The autoantibodies in APS were originally thought to recognize certain phospholipids, fatty molecules that make up part of normal cell membranes, hence the name “antiphospholipid” antibodies.
It is now known that most of the autoantibodies in APS patients actually recognize certain blood proteins that bind to phospholipids, not the phospholipids themselves. Two blood proteins that are major targets of antiphospholipid antibodies are
β2-glycoprotein I and prothrombin.

Who Gets APS?
• 1-5 percent of the general population is believed to have APS.

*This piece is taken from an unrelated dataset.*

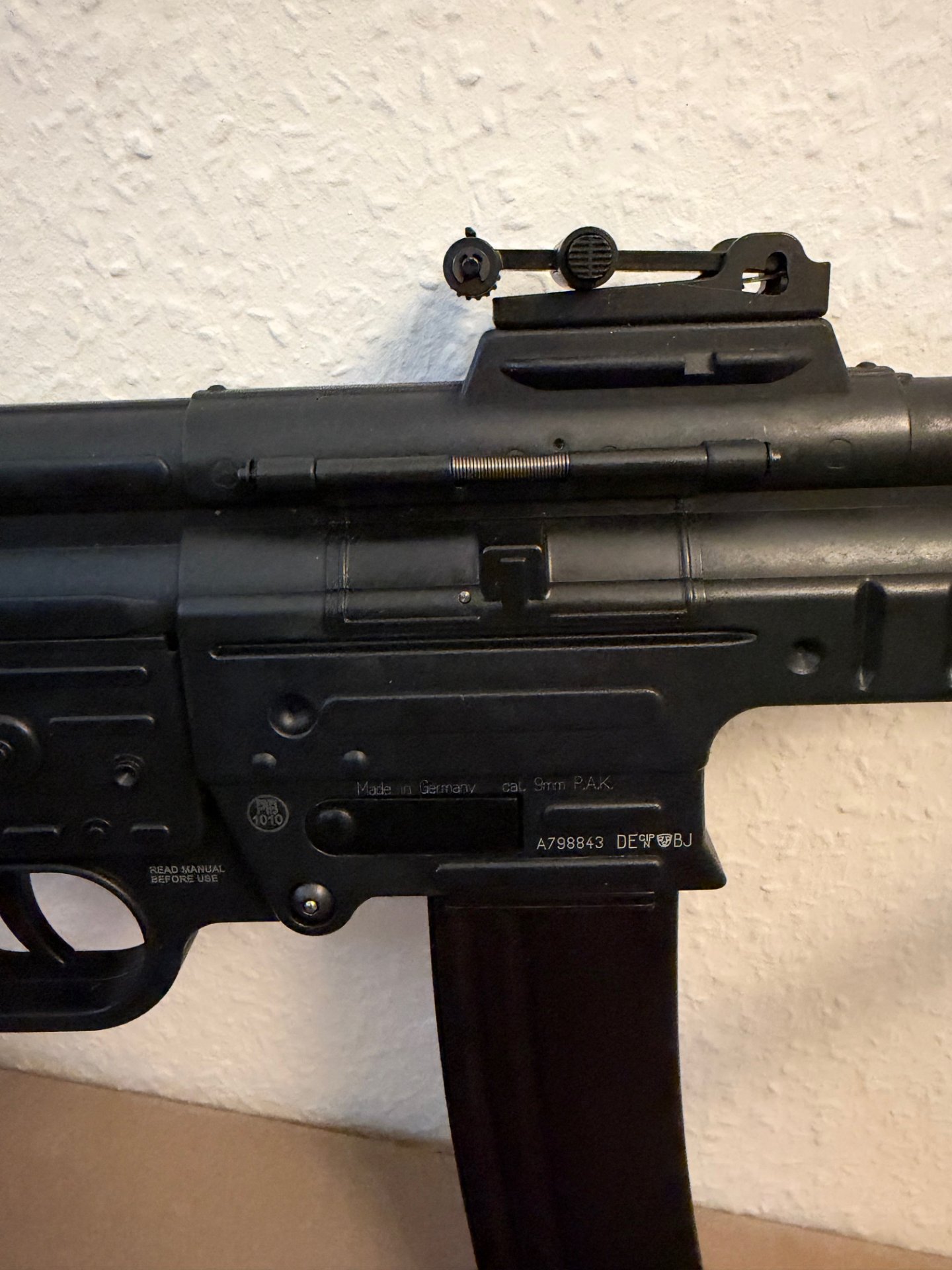 GSG StG44 9 mm P.A.K. Echtholz - Der deutsche Klassiker (Bonus: Retro Tasche) – Bild 5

• 15-20 percent of all cases of blood clots in large veins (deep vein thrombosis), including blood clots that go to the lungs (pulmonary embolism) are due to APS.

• 10-25 percent of women with recurrent miscarriages have APS.

• One third of strokes occurring in younger people (under the age of 50) are due to APS.

• APS is a major women’s health issue: 75-90 percent of those affected by APS are women.

• 30-40 percent of patients with lupus also have antiphospholipid antibodies.

How Are People Affected By APS?
People with antiphospholipid antibodies have an increased risk of developing one or more of the following problems:

• Blood clots

• Pregnancy complications and miscarriages

• Heart attacks, angina

• Strokes

• Heart valve problems, sometimes requiring valve surgery or valve replacement

• Persistent or transient blotchy, lacy bluish rash (livedo reticularis)

• Skin ulcers, most commonly on the legs or feet

How is APS Treated?
There is no cure for APS, but there is treatment. The treatment of choice for patients with APS who have had a blood clot is blood thinning (anticoagulant) therapy. This is usually successful in preventing further clots.